| Work instructions |
What lines of the data below include the word "quattro"? Report them by copying each.

| Stored items from a collection |
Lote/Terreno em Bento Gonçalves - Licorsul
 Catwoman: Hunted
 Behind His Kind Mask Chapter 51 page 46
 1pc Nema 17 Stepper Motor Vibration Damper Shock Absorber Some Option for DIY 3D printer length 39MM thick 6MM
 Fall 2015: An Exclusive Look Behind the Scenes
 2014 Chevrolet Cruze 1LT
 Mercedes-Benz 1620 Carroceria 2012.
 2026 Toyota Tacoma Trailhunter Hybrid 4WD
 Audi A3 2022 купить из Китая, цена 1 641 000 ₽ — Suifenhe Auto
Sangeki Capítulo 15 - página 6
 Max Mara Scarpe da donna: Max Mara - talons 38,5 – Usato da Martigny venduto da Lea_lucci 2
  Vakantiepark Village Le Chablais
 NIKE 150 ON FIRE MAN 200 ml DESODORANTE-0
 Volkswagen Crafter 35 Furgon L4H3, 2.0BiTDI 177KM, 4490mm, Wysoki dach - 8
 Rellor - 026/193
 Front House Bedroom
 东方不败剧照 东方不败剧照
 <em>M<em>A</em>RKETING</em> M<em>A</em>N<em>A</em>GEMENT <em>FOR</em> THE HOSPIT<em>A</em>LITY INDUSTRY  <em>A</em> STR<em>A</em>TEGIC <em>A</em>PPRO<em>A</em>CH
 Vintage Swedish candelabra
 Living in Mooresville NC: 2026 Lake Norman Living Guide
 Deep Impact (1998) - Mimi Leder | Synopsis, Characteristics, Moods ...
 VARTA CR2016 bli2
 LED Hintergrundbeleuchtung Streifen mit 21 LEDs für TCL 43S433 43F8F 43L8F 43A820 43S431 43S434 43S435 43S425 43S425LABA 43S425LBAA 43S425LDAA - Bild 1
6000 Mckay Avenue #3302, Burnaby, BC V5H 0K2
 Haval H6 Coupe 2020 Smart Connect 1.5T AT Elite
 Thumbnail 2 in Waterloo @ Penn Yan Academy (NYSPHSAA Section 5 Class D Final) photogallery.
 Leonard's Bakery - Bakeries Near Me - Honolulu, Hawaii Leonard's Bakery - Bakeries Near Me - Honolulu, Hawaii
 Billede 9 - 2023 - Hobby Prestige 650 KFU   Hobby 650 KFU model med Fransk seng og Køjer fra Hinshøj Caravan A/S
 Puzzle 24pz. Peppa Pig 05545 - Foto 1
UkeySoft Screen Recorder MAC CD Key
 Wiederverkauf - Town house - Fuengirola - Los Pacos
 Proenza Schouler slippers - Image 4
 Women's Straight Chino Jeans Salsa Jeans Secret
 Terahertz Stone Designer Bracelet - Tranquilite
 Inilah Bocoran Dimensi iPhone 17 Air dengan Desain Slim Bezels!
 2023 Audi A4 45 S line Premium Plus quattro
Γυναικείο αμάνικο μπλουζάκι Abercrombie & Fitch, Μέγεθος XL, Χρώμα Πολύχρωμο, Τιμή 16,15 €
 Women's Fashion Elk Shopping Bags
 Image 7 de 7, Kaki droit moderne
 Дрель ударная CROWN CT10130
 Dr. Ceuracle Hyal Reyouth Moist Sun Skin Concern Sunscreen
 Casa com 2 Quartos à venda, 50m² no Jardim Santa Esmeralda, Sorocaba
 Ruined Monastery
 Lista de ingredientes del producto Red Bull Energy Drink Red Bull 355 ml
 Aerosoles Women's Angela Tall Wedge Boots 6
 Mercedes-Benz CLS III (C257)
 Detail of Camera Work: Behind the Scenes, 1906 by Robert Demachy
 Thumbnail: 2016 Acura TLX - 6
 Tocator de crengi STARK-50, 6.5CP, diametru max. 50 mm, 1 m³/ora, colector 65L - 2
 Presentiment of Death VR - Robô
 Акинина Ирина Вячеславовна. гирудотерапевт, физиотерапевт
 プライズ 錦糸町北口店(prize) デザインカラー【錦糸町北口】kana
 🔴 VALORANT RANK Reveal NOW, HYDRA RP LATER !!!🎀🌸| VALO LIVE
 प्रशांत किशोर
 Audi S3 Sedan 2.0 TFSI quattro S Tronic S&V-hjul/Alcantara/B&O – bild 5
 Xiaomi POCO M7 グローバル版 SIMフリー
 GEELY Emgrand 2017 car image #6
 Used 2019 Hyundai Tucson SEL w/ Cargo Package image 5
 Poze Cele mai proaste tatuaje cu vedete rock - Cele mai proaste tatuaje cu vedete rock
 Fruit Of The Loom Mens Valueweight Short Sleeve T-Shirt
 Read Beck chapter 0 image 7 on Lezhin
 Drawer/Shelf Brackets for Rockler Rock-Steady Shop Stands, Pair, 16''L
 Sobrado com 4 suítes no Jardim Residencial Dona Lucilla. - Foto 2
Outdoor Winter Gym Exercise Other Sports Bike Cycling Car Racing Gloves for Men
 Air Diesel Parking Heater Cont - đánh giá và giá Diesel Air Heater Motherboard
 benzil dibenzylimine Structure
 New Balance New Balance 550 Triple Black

| Task response |
 2023 Audi A4 45 S line Premium Plus quattro
 Audi S3 Sedan 2.0 TFSI quattro S Tronic S&V-hjul/Alcantara/B&O – bild 5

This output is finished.